Les « Radium girls » brillent d’un éclat farouche
Après ses deux tomes du Vrai sexe de la vraie vie, Cy revient avec Radium girls, l’histoire de ces ouvrières empoisonnées au radium et abandonnées à leur sort. Un bel album engagé et féministe.
New Jersey, 1918. Dans l’usine de l’USRC, les ouvrières peignent les chiffres des cadrans de montres avec une peinture précieuse et chère : la peinture Undark qui brille dans le noir, à base de radium. C’est une équipe joyeuse et solidaire que rejoint Edna, et on lui apprend vite la technique idéale pour peindre, consistant à lisser le pinceau avec ses lèvres. Les jeunes femmes, surnommées les « ghost girls » car elles brillent dans le noir, s’amusent avec ce produit comme elles s’amusent dans la vie. Mais quelques temps plus tard, après avoir quitté l’usine, les symptômes apparaissent…
Radium girls, comme le surnom qui a remplacé le premier une fois le scandale saisi par les journalistes, cherche à restaurer la mémoire de ces femmes que le progrès a piétinées. Car si certains étaient conscient du danger, nombreux préféraient continuer à exploiter leur produit miracle, qu’ils mettaient aussi dans les crèmes pour le visage ou les toniques. Ils allaient jusqu’à enterrer les problèmes, en renvoyant ceux qui posaient des questions gênantes, ou en niant le lien des maladies avec leurs entreprises, n’hésitant pas à souiller le nom des malades.
Au-delà de l’histoire révoltante de ces vies volées et dédaignées, Radium girls est une bande dessinée résolument féministe. Cy insiste sur la représentation du corps féminin dans toute sa variété avec ses six héroïnes aux morphologies très humaines. Elle souligne l’absurdité des normes imposées par la société tout en nous présentant des femmes libres et pleines de vie, à qui on vient d’accorder le droit de vote. Ici, les personnages masculins sont relégués aux seconds rôles, rééquilibrant – un peu – le rapport homme/femme dans les héros de bande dessinée.
Par petites touches, Cy évoque le contexte social des années folles. On suit les jeunes femmes aux cheveux courts, aux robes fluides et chapeaux cloches, entre soirées au speakeasy et journées à la plage de Coney Island, avec des maillots qui peu à peu raccourcissent. Sa finesse réside également dans les nuances de caractère de ses personnages. Si elles sont modernes, certaines résistent ou ne comprennent pas les évolutions de la société, et le modèle familial reste malgré tout celui de la femme au foyer soumise à son mari.

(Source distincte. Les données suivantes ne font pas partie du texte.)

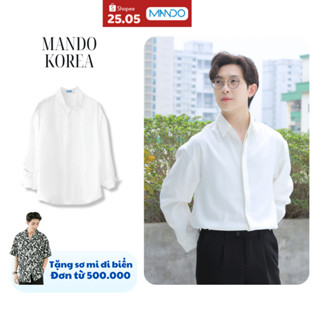 Áo Sơ Mi Trắng Nam Giấu Cúc MANDO Form Rộng Dài Tay Cao Cấp Phong Cách Hàn Quốc Thời Trang Nam MANDO - SMD101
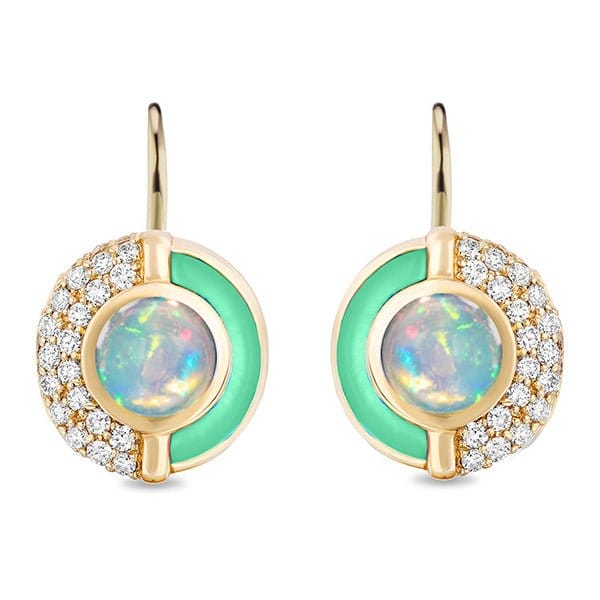 Mason & Books 14K Yellow Gold Ethiopian Opal and Mint Earrings - SSE014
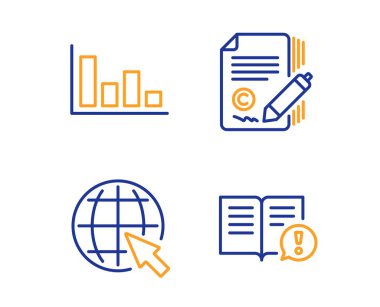 Histogram, copywriting ve Internet simgeleri basit ayarlayın. Gerçekler işareti. Ekonomik eğilim, telif hakkı imzası, Dünya Web. Önemli bilgiler. Eğitim seti. Doğrusal histogram simgesi. Renkli tasarım seti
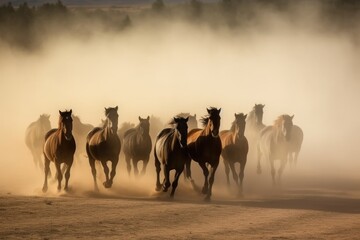 horses in the desert, ai generative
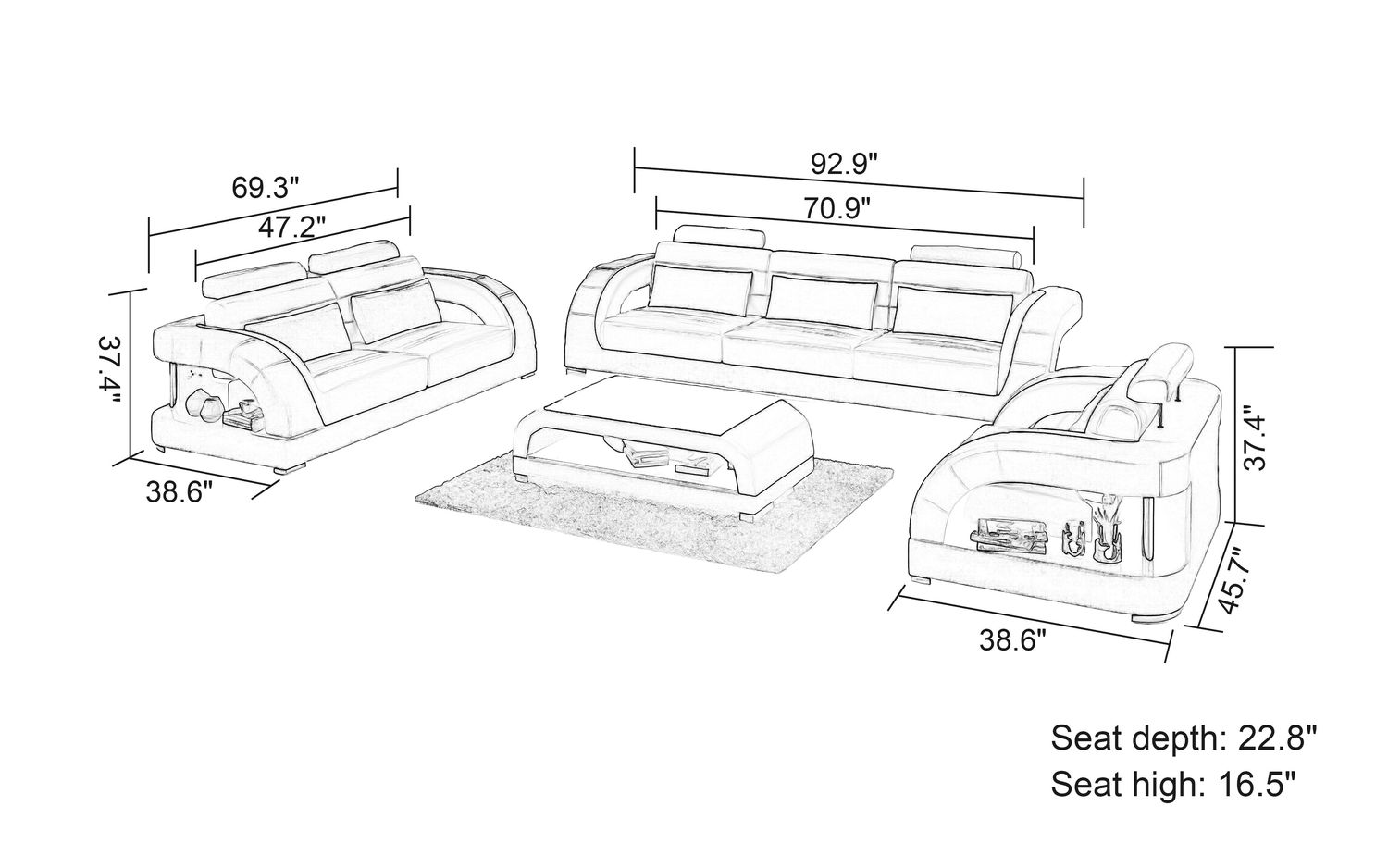 Jubilee - Lacus Modern Sofa Set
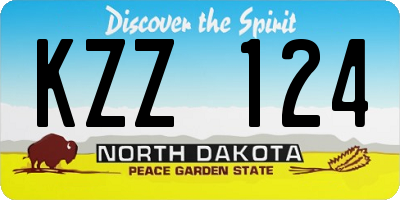 ND license plate KZZ124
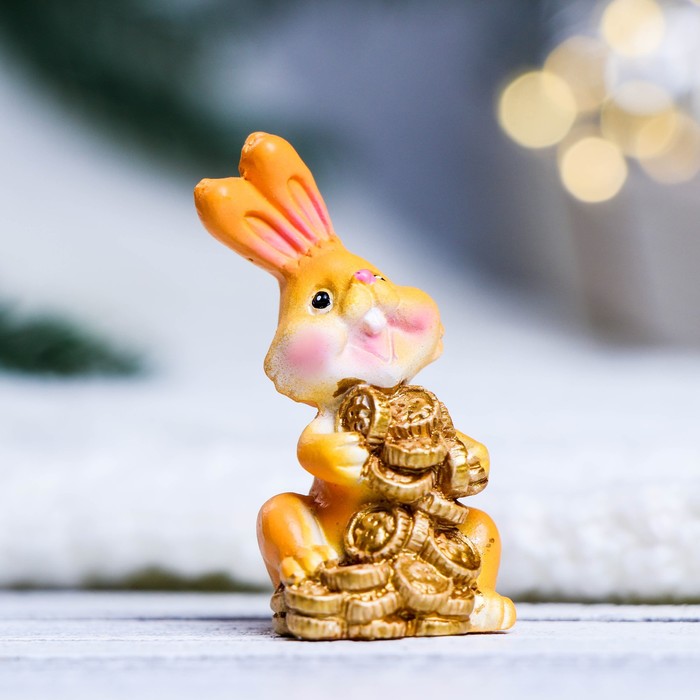 Фигура Зайка богатей МИКС 35х25х5см 125₽
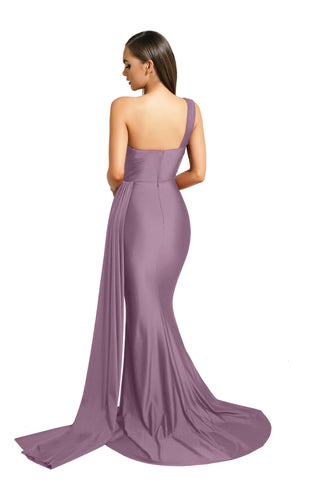PS6321 Dusty Rose One Shoulder Gown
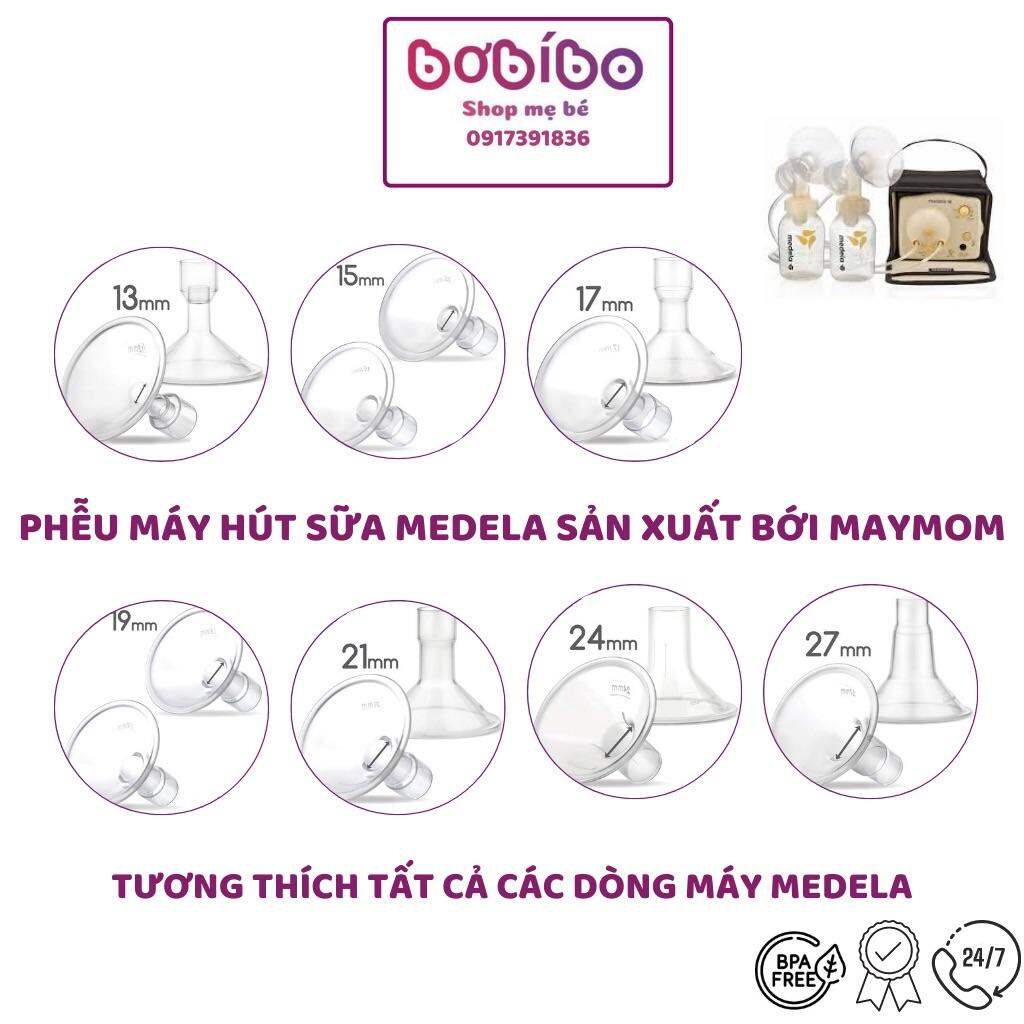 Phễu hút sữa Maymom size 13-15-17-19-21-24-27mm dùng cho máy hút sữa Medela, Spectra, Avent, Rozabi, Cimirle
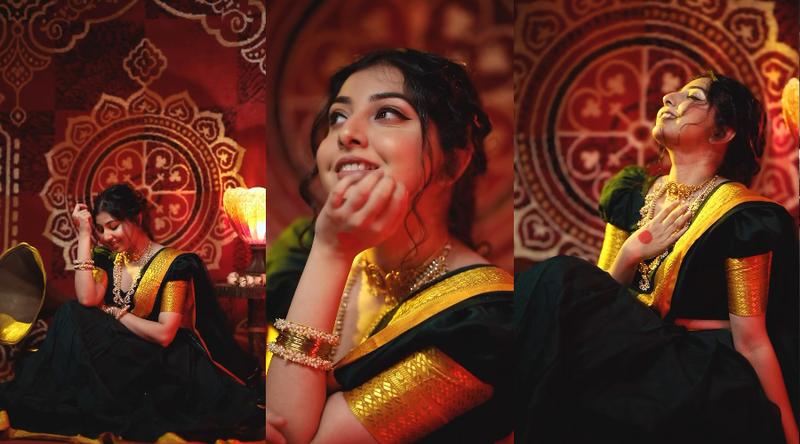 ক্লাসিক লুকে মুগ্ধতা ছড়ালেন পড়শী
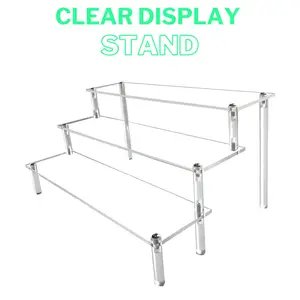 Acrylic Riser,Clear Display Risers Stand Perfume Organizer Cologne Acrylic Shelves 3 Tiered Cupcake Shelf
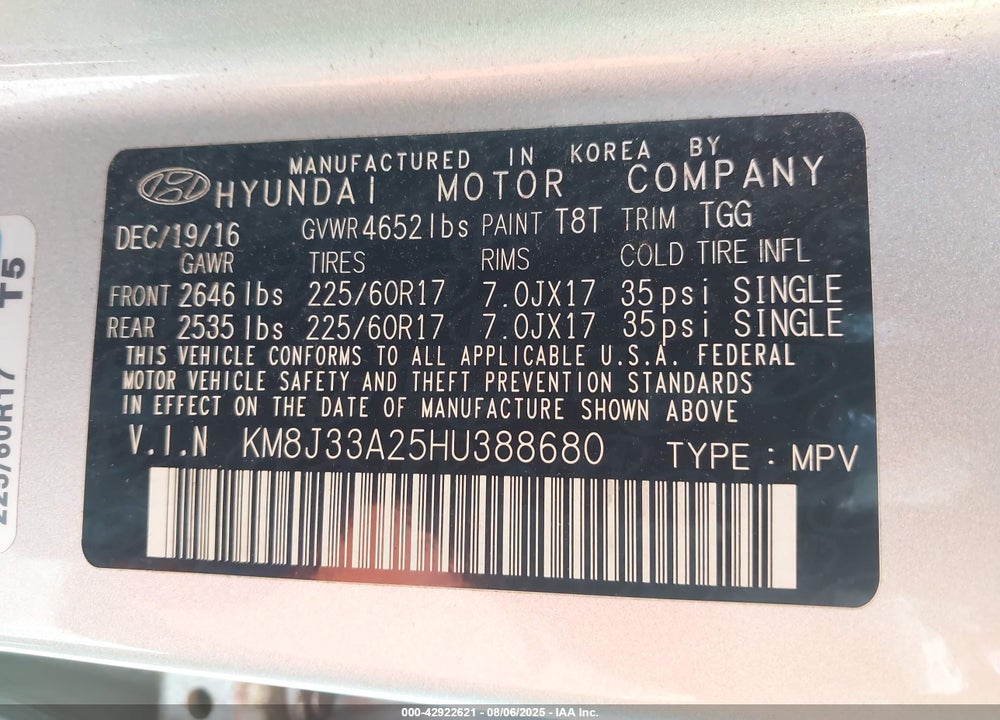 2017 HYUNDAI TUCSON VIN: KM8J33A25HU388680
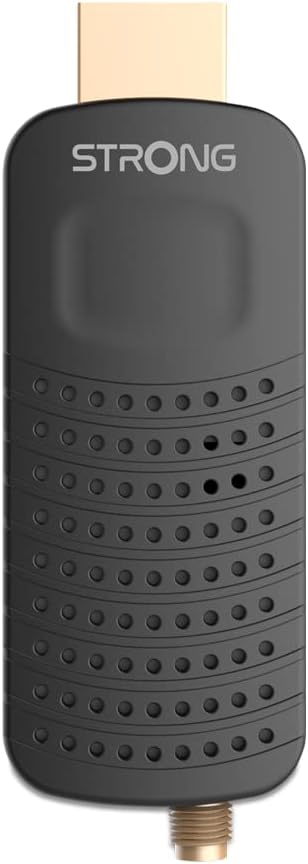 STRONG SRT82 Full HD DVB-T2 HDMI Stick DVB-T2 Decoder - HEVC265 Compatible - TV Receiver/Tuner with Recorder Function (HDMI SCART USB Dolby Digital Plus) - Black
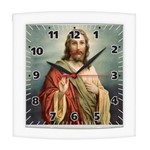 Ficha técnica e caractérísticas do produto Relógio de Parede Quadrado Alpha Branco Jesus Cristo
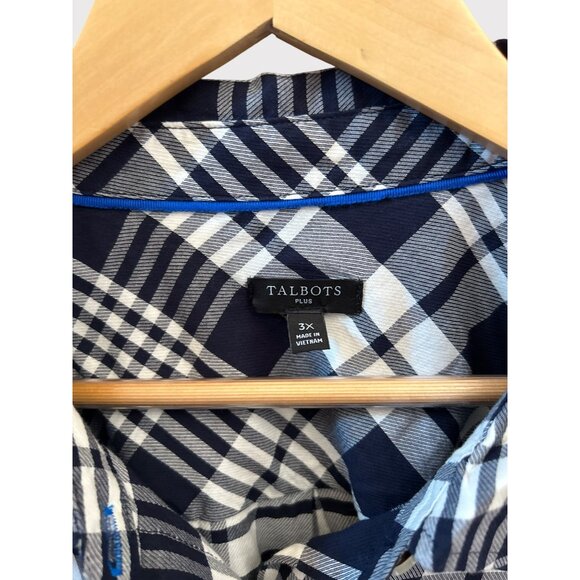 Talbots Plus 3X Navy White Plaid Button Down Shirt New Englander Coastal Chic - Picture 3 of 6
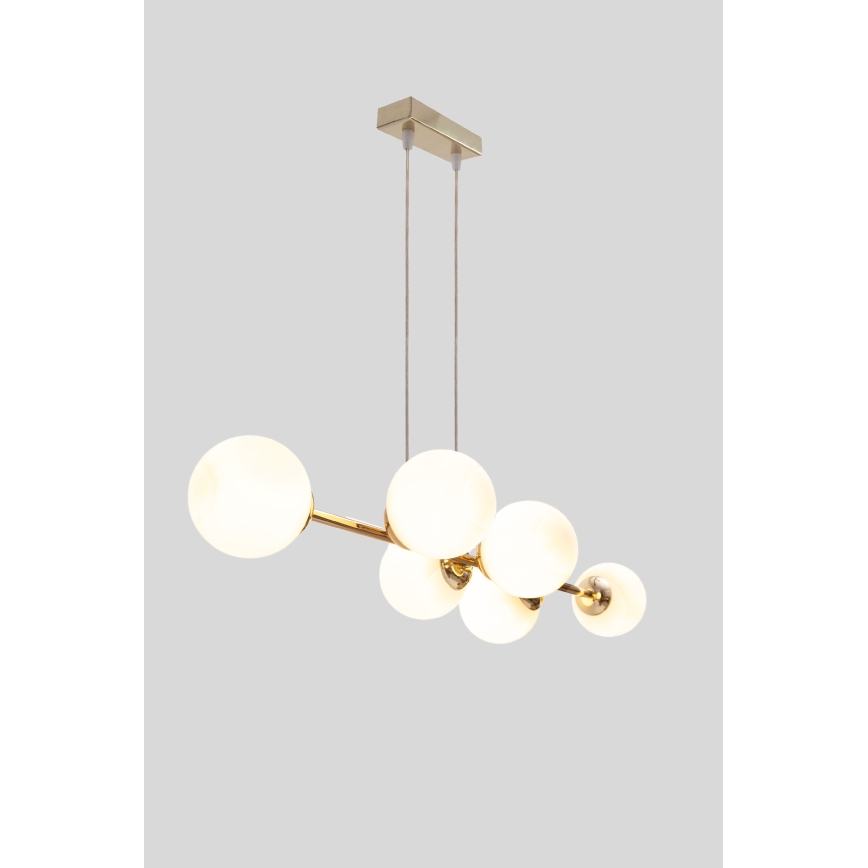 Luster na lanku FIRA 5xE27/60W/230V zlatá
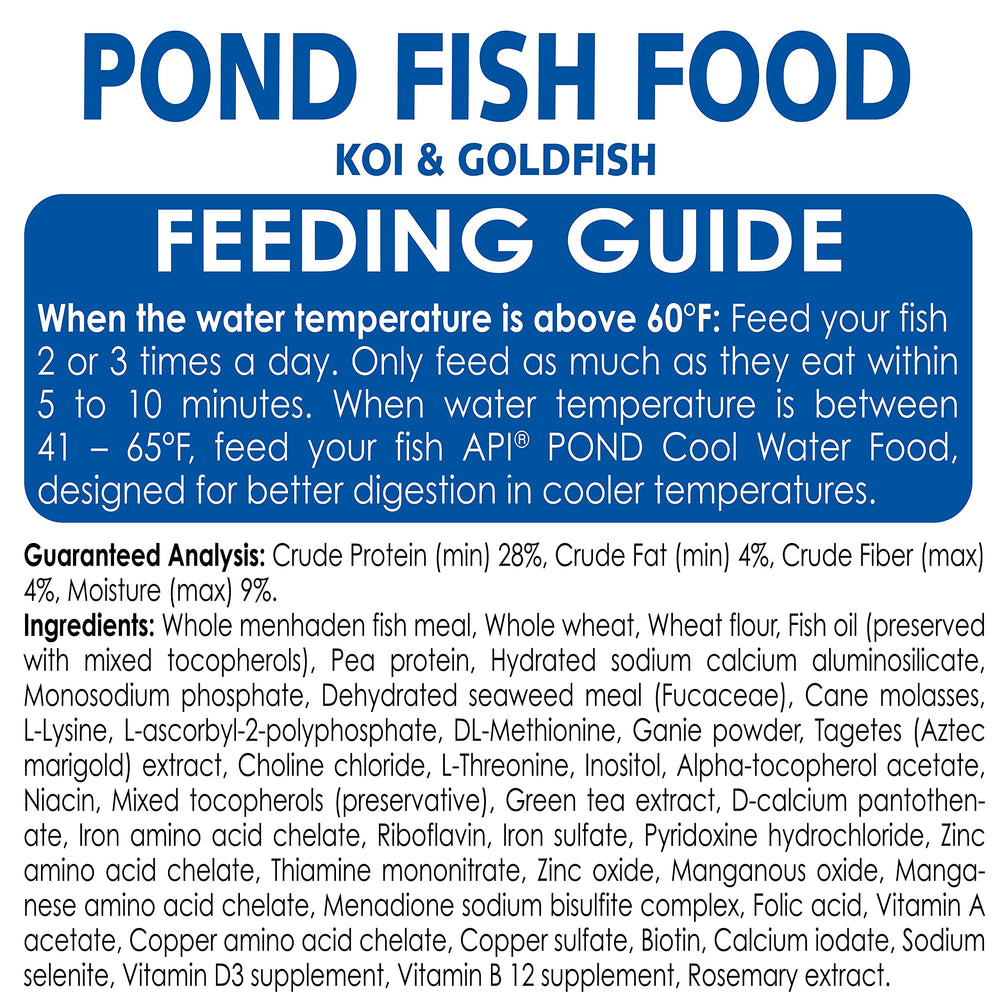 API POND FISH FOOD conseils nourrissage quotidiens pour éviter la suralimentation.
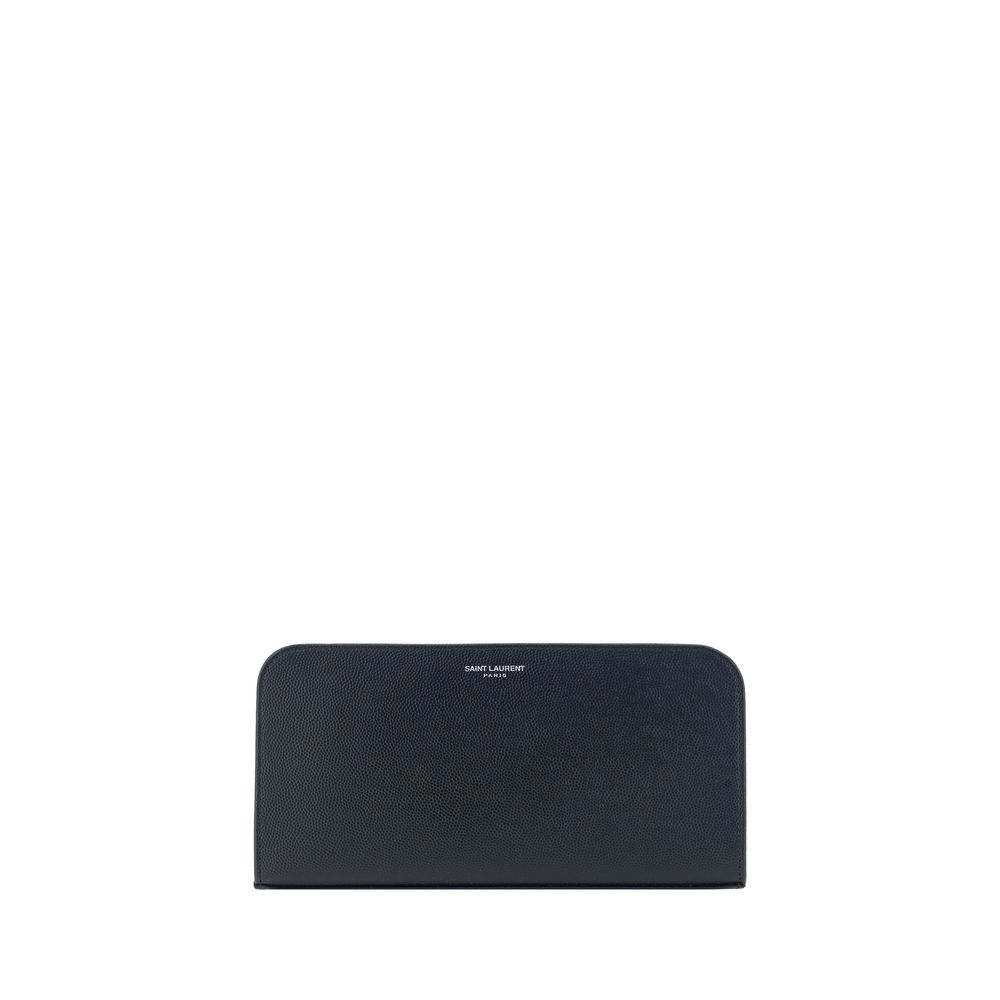 Portefeuille Bos Taurus en cuir de veau noir Saint Laurent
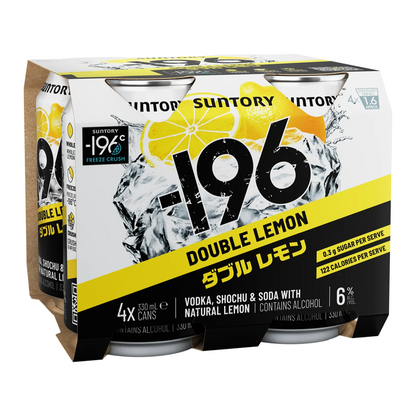 Suntory -196 Vodka Seltzer Double Lemon 6% 4 Pack 330mL Cans  (HO-BS-H)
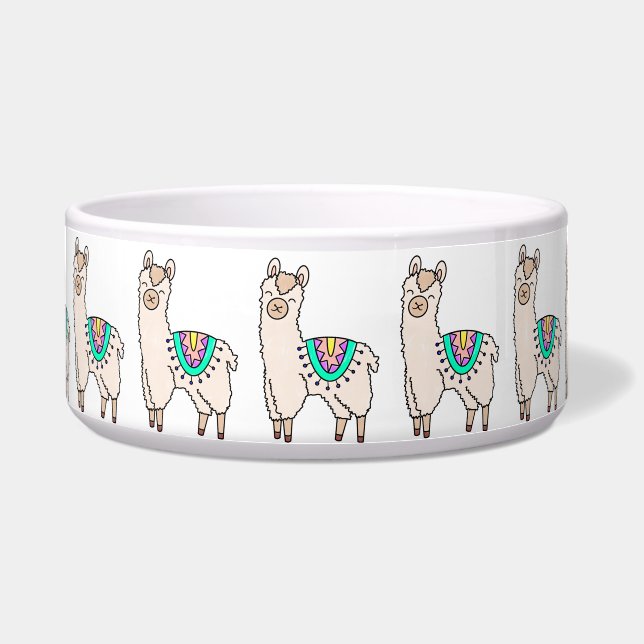 Glimlachende Happy Llama Alpaca cartoon Animal Dra Voerbakje (Voorkant)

Le dessin au crayon de couleur, très maîtrisé, se décline dans des camaïeux de violet soulignés par un vert radium, à la fois couleur complémentaire et contrastante. Des illustrations pleine page symbolisant la maladie des jeunes femmes les érige en muses silencieuses, martyres sculpturales à l’inspiration Art Déco. Le traitement graphique de l’album est très expressif, et la matière du crayon de couleur qui transparaît dans les aplats est belle, laissant imaginer la main de l’artiste au travail. Et celle-ci est précise et délicate, donnant un style fort malgré une technique moins facile à maîtriser qu’il n’y paraît.
Radium girls est un roman graphique, à la limite du pamphlet mais sans la caricature, qui aborde avec finesse le destin de ces femmes que certains auraient voulu oublier. Une belle ode à ces femmes de l’ombre, qui rappelle que le féminisme est toujours une question d’actualité.